Alex Hug, COO & President, AcquireUp (left), and Bob Oros, former Chairman & CEO, Hightower Advisors

They acknowledged a persistent bias among advisors who consider seminars beneath them. Yet, as Oros noted, many of the industry’s top advisors grew by using seminars during their formative years.

According to Oros and Hug, the difference today lies in execution. Traditional in-person education, which emphasizes adding value, educating and in-person meetings, is now augmented by refined targeting, performance analytics and direct mail strategies that command attention.

“Anything that comes to my house, I open,” Oros remarked, explaining the continued relevance of physical outreach.

Brand Visibility In The AI Era

In “The Data Lab” presentation, AcquireUp Chief Marketing Officer Derek Janis spoke about digital presence.

Derek Janis, Chief Marketing Officer, AcquireUp

“So many of us as advisors go out there and talk about what we do,” Janis said. “But what we don’t talk about is who we serve and who we are.”

He outlined four “digital signals” shaping prospect perception: discovery, visual credibility, reputation and social proof.

Search behavior has shifted toward zero-click results and AI-generated answers, according to Janis. “Ranking isn’t the win.

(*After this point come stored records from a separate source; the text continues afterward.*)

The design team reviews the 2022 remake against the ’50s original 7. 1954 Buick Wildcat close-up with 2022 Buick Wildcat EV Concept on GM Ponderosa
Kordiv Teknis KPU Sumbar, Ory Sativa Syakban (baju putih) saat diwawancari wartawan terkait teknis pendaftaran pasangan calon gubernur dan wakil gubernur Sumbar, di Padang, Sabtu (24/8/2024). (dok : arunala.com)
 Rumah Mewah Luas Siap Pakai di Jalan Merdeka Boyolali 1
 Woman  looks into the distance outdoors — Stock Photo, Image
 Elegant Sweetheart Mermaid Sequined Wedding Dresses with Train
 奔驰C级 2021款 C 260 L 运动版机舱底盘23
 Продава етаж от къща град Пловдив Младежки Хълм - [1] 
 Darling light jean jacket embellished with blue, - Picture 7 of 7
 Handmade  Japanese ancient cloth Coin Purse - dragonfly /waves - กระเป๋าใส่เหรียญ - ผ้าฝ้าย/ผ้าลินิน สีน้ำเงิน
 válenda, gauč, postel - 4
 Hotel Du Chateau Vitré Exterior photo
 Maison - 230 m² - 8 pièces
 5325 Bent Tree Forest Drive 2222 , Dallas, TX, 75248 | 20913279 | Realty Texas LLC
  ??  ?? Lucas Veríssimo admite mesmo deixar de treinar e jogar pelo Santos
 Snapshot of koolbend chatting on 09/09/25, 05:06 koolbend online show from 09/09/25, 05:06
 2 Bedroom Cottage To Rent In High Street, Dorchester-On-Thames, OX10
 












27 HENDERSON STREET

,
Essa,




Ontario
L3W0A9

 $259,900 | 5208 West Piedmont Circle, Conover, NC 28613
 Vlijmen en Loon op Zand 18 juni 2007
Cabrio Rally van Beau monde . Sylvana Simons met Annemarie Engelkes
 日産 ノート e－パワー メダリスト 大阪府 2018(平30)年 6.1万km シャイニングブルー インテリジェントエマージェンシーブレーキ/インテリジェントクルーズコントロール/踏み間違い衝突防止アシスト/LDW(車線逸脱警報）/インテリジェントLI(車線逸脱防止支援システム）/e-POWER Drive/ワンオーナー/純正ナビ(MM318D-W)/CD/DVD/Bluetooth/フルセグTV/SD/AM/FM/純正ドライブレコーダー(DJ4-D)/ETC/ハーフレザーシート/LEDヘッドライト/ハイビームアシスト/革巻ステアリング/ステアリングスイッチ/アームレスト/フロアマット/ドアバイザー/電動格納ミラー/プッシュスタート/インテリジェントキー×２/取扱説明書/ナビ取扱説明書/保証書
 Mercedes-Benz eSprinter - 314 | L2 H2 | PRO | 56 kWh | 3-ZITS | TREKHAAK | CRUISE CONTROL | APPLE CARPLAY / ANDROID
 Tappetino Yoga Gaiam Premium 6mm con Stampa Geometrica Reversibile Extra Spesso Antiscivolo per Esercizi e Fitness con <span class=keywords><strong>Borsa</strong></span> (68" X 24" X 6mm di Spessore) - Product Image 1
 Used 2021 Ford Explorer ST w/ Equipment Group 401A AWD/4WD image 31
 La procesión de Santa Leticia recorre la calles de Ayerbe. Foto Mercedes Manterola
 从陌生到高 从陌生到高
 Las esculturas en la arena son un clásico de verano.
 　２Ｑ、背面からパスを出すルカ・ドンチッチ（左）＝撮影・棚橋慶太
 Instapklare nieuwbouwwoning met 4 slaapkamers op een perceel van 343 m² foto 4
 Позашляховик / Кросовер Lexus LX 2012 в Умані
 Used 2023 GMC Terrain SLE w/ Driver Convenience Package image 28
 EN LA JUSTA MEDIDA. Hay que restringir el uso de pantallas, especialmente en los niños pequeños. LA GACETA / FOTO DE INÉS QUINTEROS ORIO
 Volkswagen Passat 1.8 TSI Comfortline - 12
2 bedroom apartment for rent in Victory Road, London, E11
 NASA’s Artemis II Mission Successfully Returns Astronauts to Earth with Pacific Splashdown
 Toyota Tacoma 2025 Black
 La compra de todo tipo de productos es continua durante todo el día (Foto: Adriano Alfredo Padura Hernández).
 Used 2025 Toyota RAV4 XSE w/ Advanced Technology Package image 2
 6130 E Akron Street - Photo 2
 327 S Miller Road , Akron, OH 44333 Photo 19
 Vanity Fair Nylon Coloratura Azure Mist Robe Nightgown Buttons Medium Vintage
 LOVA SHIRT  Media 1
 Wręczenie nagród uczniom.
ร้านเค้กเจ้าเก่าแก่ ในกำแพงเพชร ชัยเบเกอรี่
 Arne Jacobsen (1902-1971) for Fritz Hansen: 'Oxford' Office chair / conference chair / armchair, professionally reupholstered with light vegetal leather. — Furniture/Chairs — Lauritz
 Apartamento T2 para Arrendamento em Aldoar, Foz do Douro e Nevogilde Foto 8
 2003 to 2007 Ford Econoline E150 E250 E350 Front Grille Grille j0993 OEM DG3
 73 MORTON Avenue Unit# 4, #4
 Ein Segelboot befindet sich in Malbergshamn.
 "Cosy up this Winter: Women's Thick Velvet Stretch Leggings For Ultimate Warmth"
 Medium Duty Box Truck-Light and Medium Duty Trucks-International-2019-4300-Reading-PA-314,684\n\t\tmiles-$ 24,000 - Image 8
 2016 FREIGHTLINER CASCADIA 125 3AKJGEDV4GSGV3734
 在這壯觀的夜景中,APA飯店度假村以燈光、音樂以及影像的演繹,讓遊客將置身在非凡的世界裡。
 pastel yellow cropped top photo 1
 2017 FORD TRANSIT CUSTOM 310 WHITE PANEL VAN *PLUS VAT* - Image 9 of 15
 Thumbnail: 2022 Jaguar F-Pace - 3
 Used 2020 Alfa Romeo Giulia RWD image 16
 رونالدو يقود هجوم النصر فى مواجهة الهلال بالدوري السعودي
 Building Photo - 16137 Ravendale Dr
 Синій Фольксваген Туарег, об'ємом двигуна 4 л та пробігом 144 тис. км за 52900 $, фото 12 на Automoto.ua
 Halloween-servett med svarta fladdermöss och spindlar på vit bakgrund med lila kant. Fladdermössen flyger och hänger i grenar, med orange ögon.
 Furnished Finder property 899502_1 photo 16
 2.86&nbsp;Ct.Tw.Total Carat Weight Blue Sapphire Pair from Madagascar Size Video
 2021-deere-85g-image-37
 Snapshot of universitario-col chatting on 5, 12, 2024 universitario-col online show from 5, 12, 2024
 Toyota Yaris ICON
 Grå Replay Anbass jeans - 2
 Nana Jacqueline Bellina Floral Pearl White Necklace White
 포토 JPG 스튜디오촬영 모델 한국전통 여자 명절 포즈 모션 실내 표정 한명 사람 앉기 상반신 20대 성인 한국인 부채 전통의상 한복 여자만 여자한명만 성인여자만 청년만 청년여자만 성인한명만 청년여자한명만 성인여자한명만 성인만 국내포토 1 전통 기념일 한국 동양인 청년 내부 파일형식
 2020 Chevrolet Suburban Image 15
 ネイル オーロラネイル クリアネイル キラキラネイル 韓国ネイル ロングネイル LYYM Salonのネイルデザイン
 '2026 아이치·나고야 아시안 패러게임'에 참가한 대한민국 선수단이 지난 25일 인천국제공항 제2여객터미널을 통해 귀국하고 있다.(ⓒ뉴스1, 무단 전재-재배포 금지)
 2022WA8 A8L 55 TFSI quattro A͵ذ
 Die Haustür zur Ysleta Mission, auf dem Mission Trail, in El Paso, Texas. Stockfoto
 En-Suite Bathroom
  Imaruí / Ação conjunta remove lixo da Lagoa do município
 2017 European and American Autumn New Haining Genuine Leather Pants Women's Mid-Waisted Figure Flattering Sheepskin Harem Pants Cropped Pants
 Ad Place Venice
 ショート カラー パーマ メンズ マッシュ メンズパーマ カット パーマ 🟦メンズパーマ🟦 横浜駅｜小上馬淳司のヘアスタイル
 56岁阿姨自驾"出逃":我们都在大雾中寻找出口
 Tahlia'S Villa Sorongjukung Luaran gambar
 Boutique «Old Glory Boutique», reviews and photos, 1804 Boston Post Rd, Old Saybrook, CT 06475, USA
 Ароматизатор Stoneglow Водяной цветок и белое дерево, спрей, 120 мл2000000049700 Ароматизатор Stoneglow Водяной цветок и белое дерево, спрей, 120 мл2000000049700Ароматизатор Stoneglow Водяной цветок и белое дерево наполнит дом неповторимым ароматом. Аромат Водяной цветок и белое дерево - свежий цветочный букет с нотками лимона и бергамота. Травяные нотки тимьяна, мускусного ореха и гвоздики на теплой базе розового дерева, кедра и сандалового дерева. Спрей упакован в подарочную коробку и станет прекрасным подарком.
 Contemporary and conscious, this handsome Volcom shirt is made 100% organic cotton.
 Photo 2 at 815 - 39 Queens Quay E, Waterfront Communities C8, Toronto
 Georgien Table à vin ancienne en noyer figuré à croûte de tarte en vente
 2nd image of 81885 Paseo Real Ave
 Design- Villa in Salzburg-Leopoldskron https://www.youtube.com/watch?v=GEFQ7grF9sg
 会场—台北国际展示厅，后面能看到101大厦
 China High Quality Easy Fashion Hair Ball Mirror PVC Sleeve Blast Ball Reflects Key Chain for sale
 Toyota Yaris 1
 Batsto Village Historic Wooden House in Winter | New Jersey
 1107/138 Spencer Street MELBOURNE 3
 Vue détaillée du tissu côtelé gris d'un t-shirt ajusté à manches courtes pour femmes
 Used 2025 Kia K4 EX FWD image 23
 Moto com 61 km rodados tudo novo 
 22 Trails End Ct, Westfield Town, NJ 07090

Being the answer is,” he said, warning that if AI tools cannot source an advisor, that advisor effectively disappears from consideration.

Website clarity — audience, value proposition and next steps — must register within milliseconds. Reviews remain underleveraged despite their influence on investor decision-making. And LinkedIn, he argued, functions as modern due diligence because affluent prospects research advisors before initiating contact.

Humanization, rather than polish alone, breaks through digital invisibility. Advisors who clearly articulate whom they serve and why build trust before the first conversation.

Estate Planning As Growth Catalyst

Financial advisor Mike Bellody, who is the Founder, CEO and Chief Portfolio Strategist of Imperia Wealth Management, discussed how estate planning events helped his firm grow.

Mike Bellody, Founder, CEO & Chief Portfolio Strategist, Imperia Wealth Management

“2020 was actually a great time to start a wealth management practice,” Bellody said, citing net new asset growth above 50% that year and 10% growth already achieved this year.

Initially skeptical of meal-based seminars, he reconsidered. “I was violently opposed to steak dinner seminars,” he said. “I’m not running a feelings business. I’m running a business.”

Estate planning proved a natural entry point. Audiences are skeptical, he acknowledged, and quick to disengage if messaging feels generic. “Sameness is the enemy of trust.”

When presentations are differentiated and educational rather than sales-driven, the dynamic shifts, according to Bellody. “By the time we get to the end, they ask how to hire us,” he said, describing a process in which the close becomes implicit rather than forced.